#### [Exercise prompt]
Look below for the line with "Karl Lagerfeld Ringstand" and the line with "rabbit icon. isolated". Copy exactly those two lines and every line between, but not the pictures.

Image-text web data
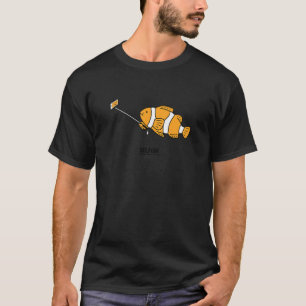 Camiseta Pez Egoísta Teléfono Foto Selfie Palo Naranja Son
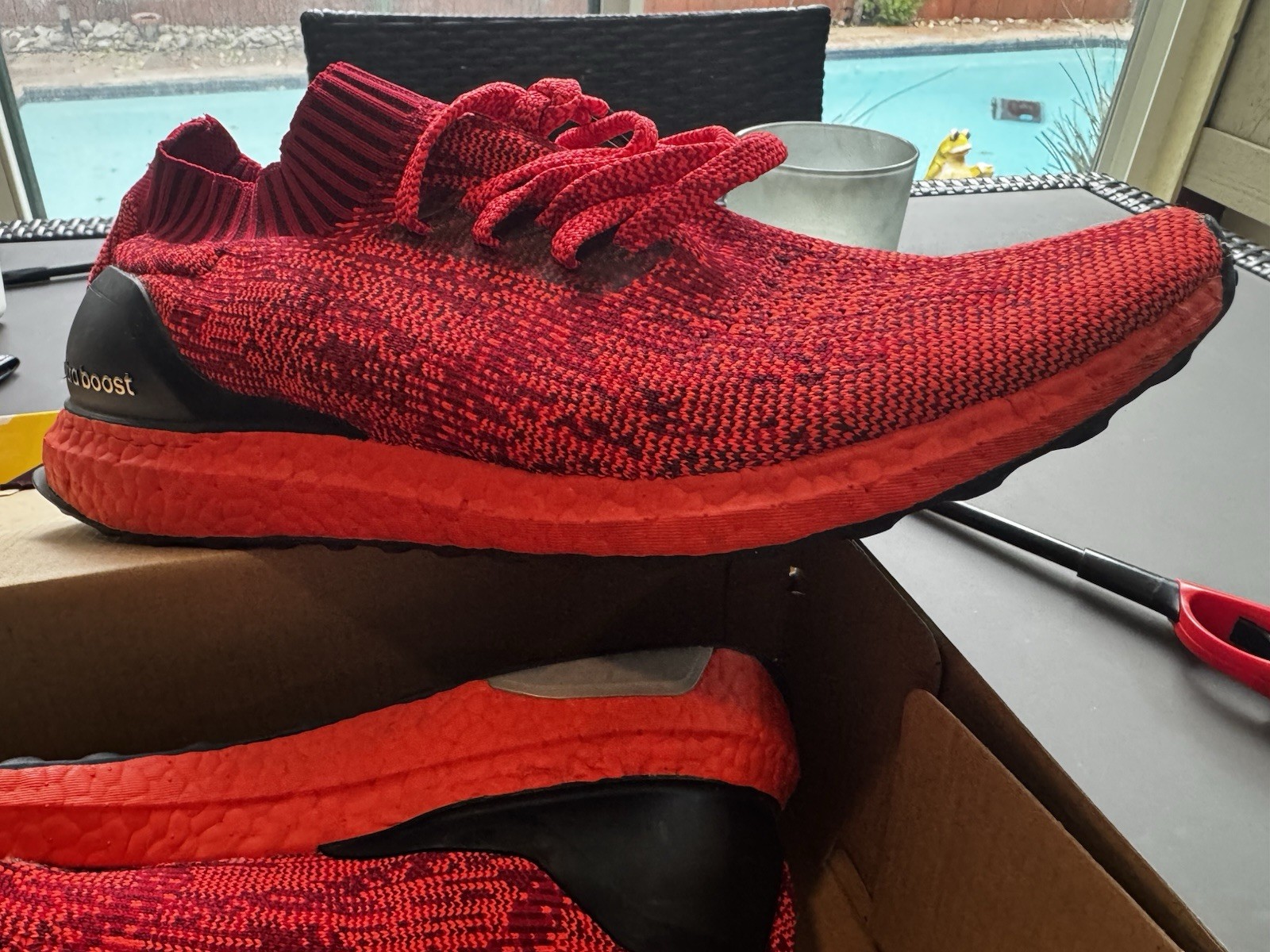 adidas UltraBoost Uncaged LTD BB4678 Triple Red Boost Primeknit Men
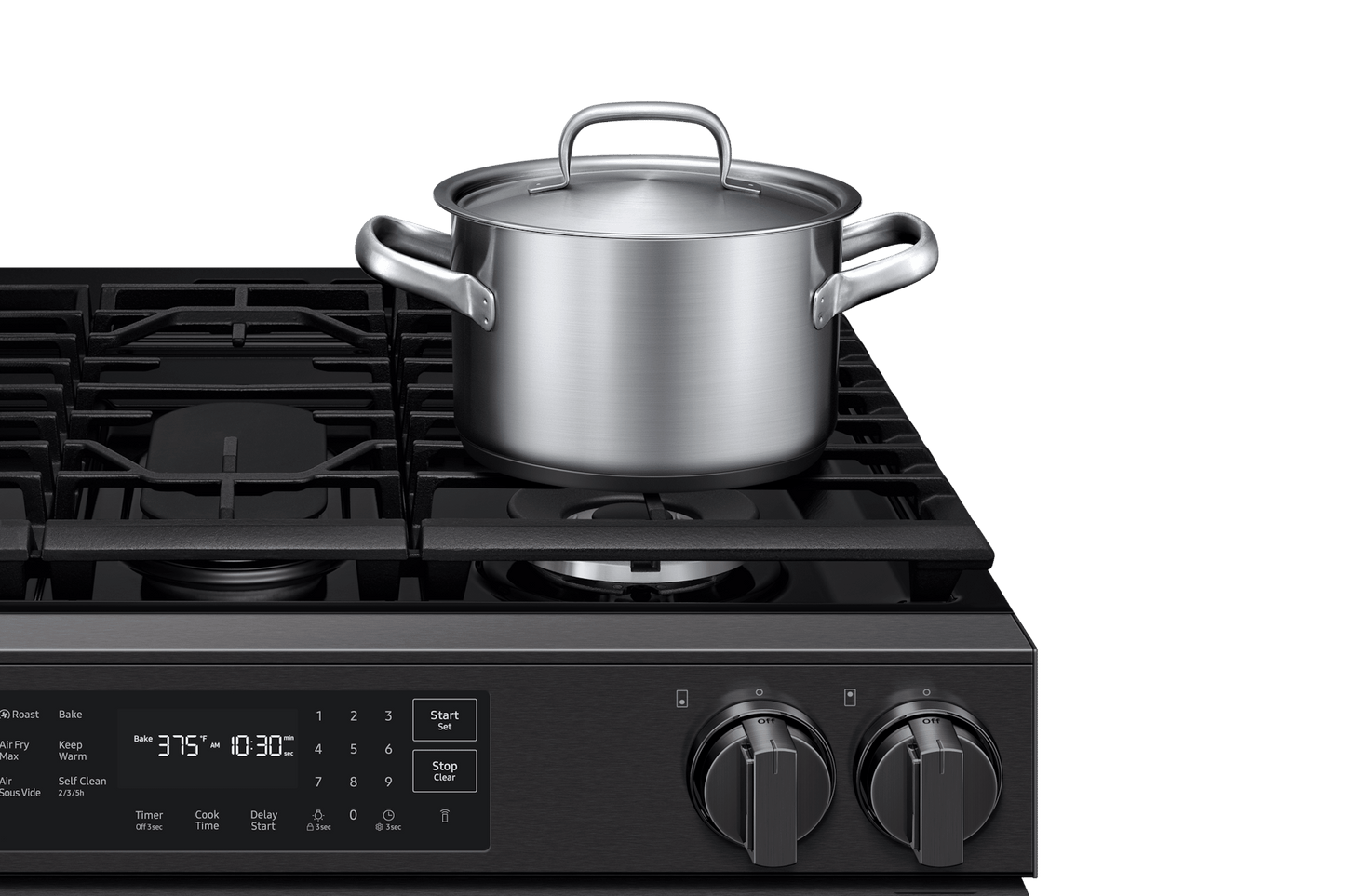Samsung NSG80H60SE Bespoke Smart Slide-in Gas Range Pro Style Design  Air Fry Max  True Convection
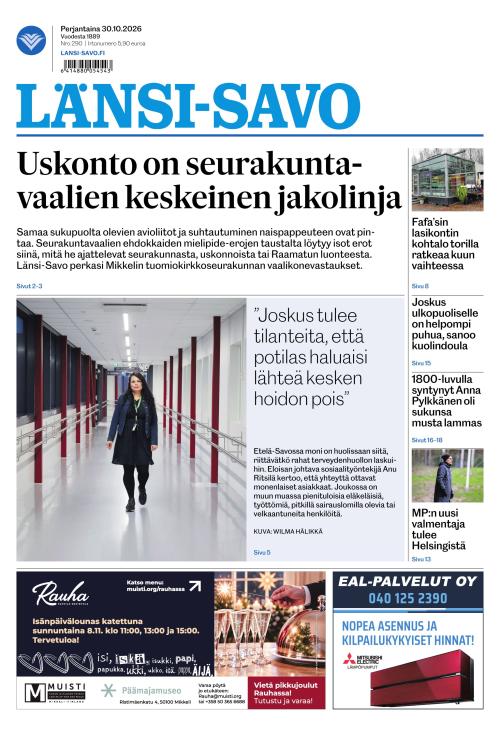 Länsi-Savo 30.10.2026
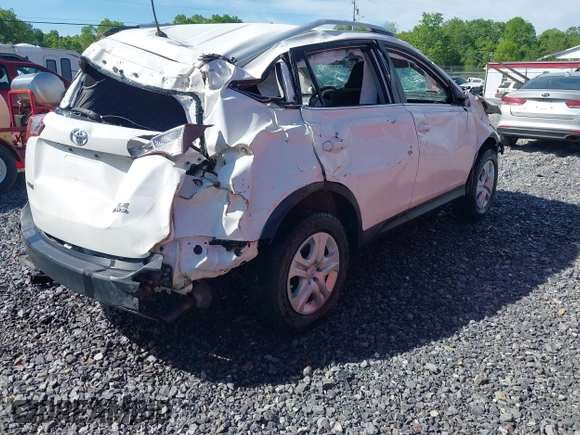2013 Toyota RAV4 LE with VIN JTMBFREV7DD002763, listed as a IAAI auction lot 42286753 with 125,022 mi miles and . Bid and sale history available at DreamBid. Image 4.
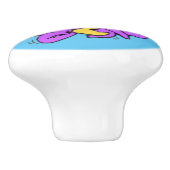 浴室タコカスタマイズ可能なセラミックプル セラミックノブ (側面)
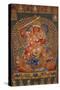 A Fine, and Rare and Important Large Imperial Embroidered Silk Thanka-null-Stretched Canvas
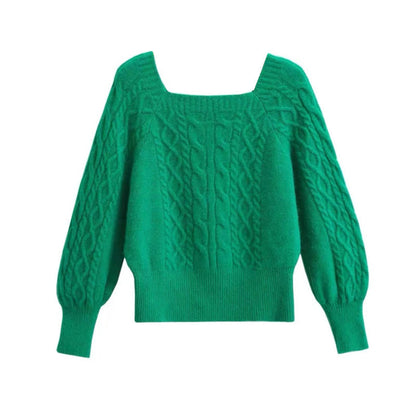 Women's Pullover Sweater Winter Loose Sweater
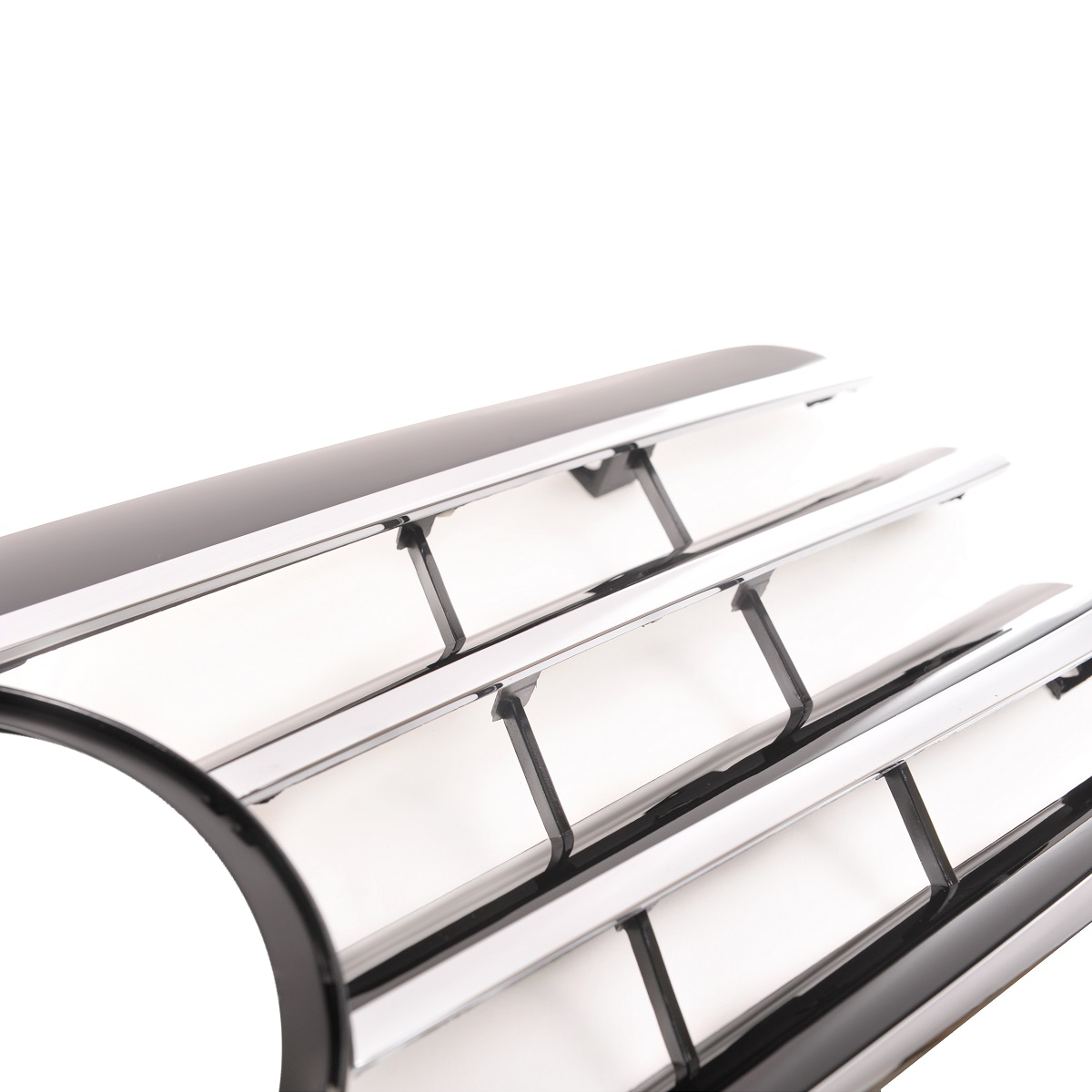 Front Grille Chrome & Black passend für Mercedes E-Class W210 1999-2002 – Bild 4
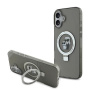 Karl Lagerfeld Ringstand Karl and Choupette flip cover и MagSafe за iPhone 16 Plus - сив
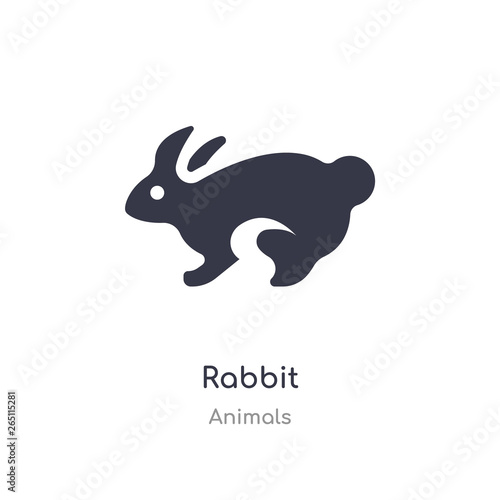 rabbit icon. isolated rabbit icon vector illustration from animals collection. editable sing symbol can be use for web site and mobile app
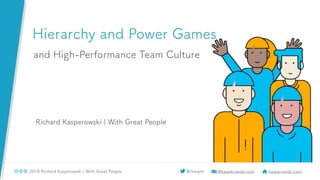 Craft Conference 2018 - Power Games for High-performance Team Culture, Psychological Safety, and EI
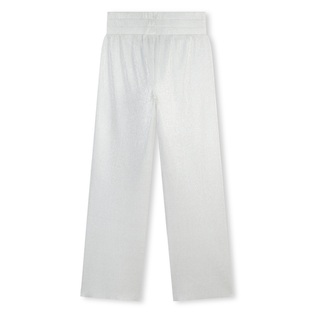 Pleated trousers D.K.N.Y. in metallic silver color.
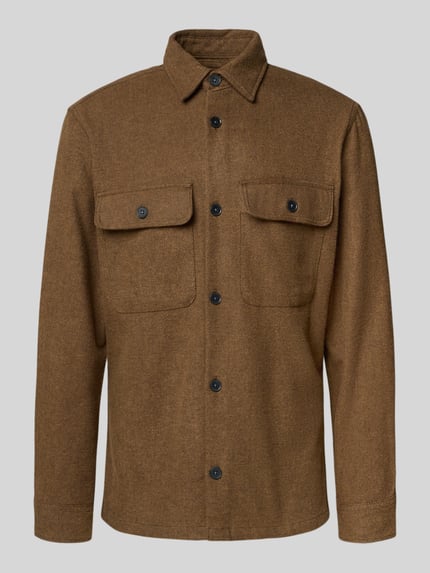 JACK & JONES Premium Koszula casualowa o kroju regular fit z kieszeniami na piersi model ‘Rayle’ Średniobrązowy 2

#### [Result for this exercise]
 Karl Lagerfeld Ringstand Karl and Choupette flip cover и MagSafe за iPhone 16 Plus - сив
 rabbit icon. isolated rabbit icon vector illustration from animals collection. editable sing symbol can be use for web site and mobile app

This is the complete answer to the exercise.